How far can Supply Chain Management (SCM) be described as the combination of art and science?
Supply chain management (SCM) is the combination of art and science that goes into improving the way your company finds the raw components it needs to make a product or service and deliver it to customers. After explaining that “supply chain is the collection of steps that a company takes to transform raw components into the final product”, Venus (2011) goes on to posit that “supply chain management (SCM) is a process used by companies to ensure that their supply chain is efficient and cost-effective.” In a bid to ensuring that the relationship between suppliers, consumers and producers is one that yields profits, companies and organizations have to stay committed to the principles surrounding supply chain management.
The make-buy decision
In a bid to understand the direct impact of supply chain management on the running and development of organizations, Zara has been chosen to be a focal point in this essay. This essay will critically analyze the supply chain system in place at Zara and how best it is working. It would also discuss the weaknesses of the organization’s supply chain system and how it can be improved. Zara as a fashion retail organization has been chosen by the writer purposely because of the organization is fast developing attention among reviewers who have supply chain management as their focus. Such reviewers as Kasra Ferdows, Michael A. Lewis and Jose A.D. Machuca of Harvard Business Review place premium on the recent successes that Zara is recording with its retail of fashion products. The cause of the success has been linked to the company’s supply chain system. In the view of Ferdows, Lewis and Jose (2005), “Zara has hit on a formula for supply chain success that works.”

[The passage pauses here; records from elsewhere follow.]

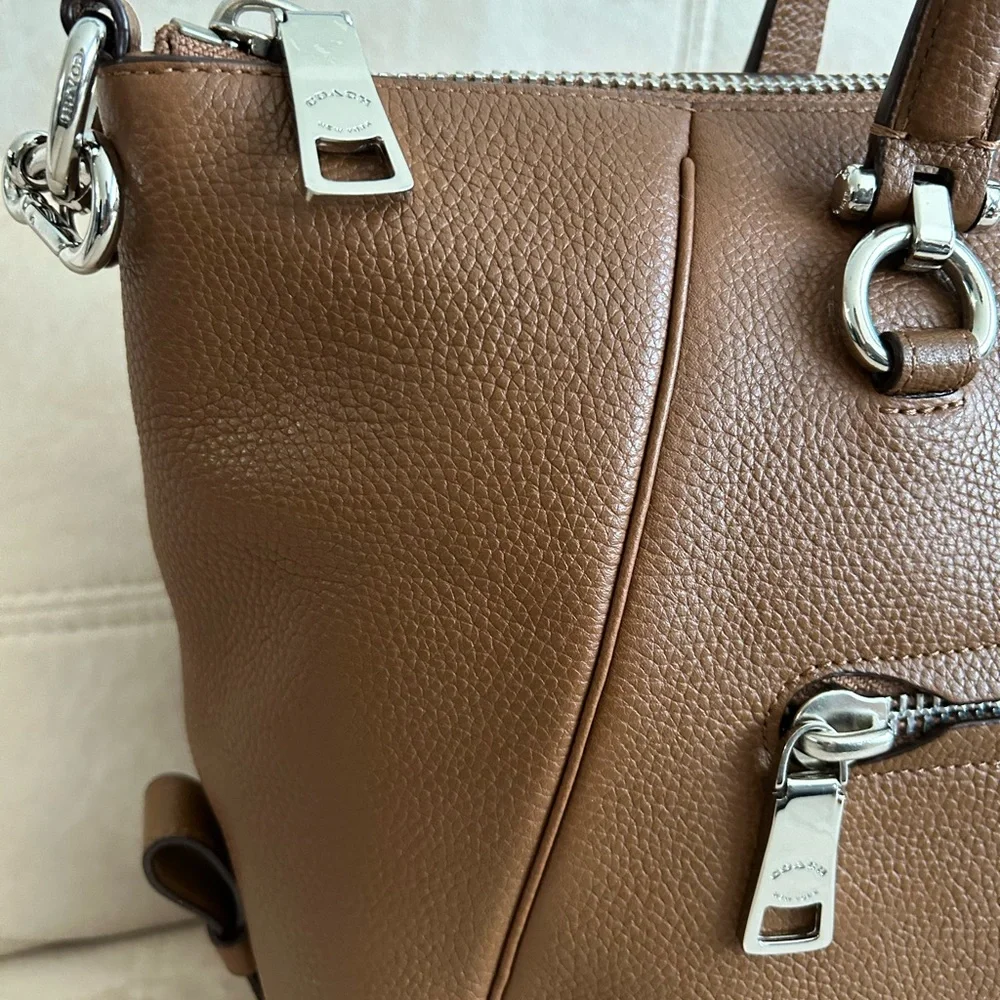 Coach Classy Leather Large Carryall, Tote, Work Bag, Crossbody, Vacation Bag - Picture 12 of 16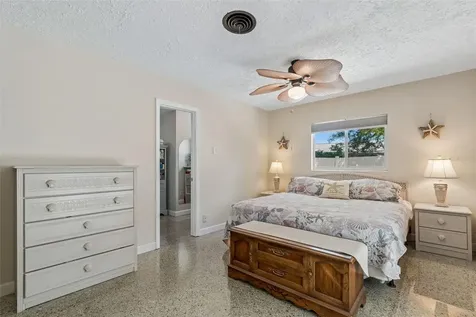 10572 Blossom Lake Drive Seminole FL 33772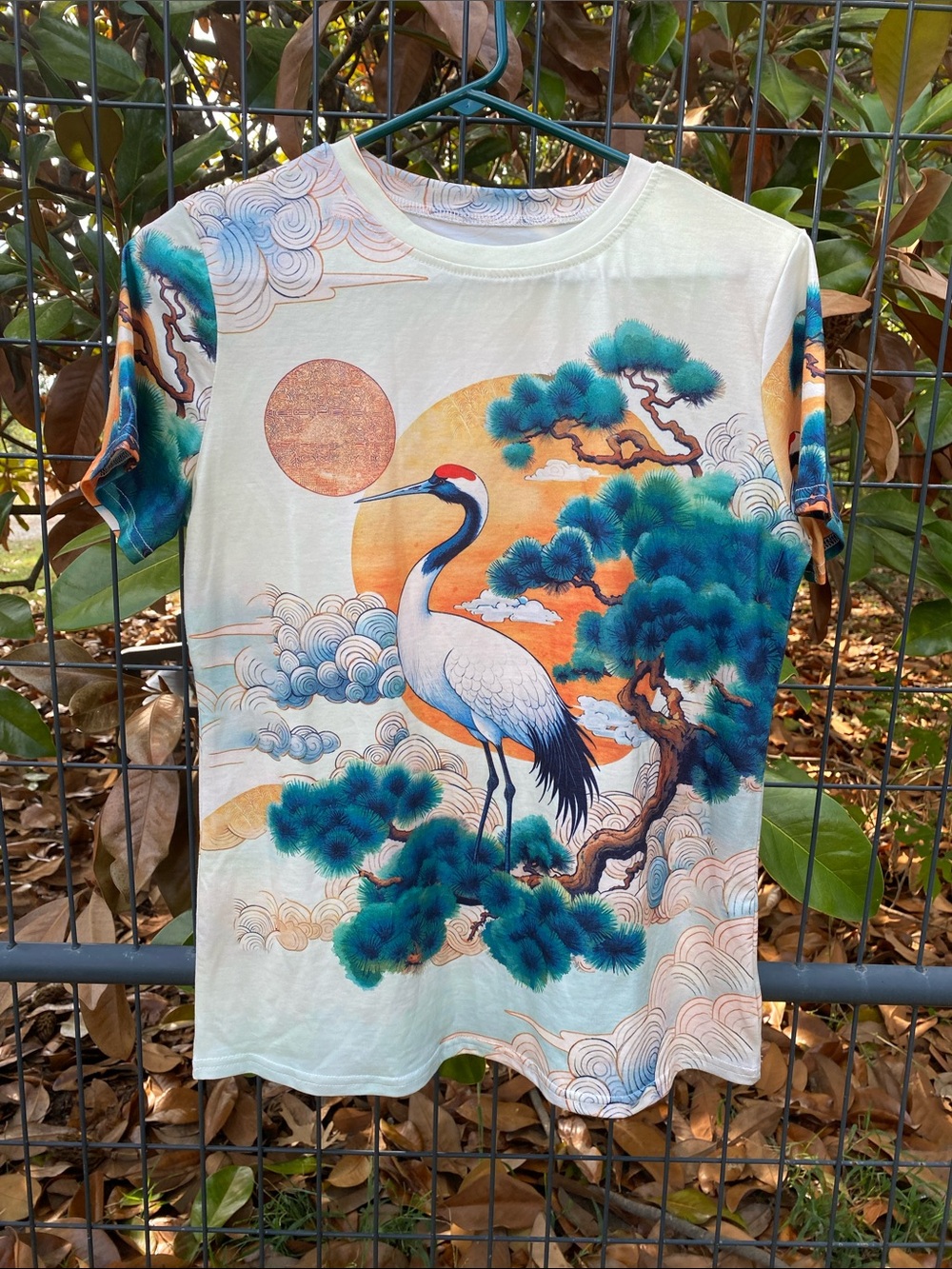 Size Small Japanese Crane Graphic T-Shirt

One critical area of retailing, of which Zara as a retail organization is inclusive is the concept of make-buy decision. Make-buy decision would be especially useful for discussion as far as Zara is concerned because Zara is into retail of fashion products, of which it has the choice either to manufacture its products or to purchase them. According to the Encyclopedia of Management (2010), make-or-buy decision is the act of making a strategic choice between producing an item internally (in-house) or buy it externally (from an outside supplier).” Applying the principles of make-buy decision to Zara, it can be inferred that for the organization to make a decision whether to buy or make should be backed by carefully scrutinized strategic analysis. This is seen in the definition given by the encyclopedia, making mention of the word ‘strategic’. It should be observed that fashion is a global language, yet varying and versatile (Akuoko, 2009, p.19). This makes the demand of customers for a particular type or style of fashion change over time.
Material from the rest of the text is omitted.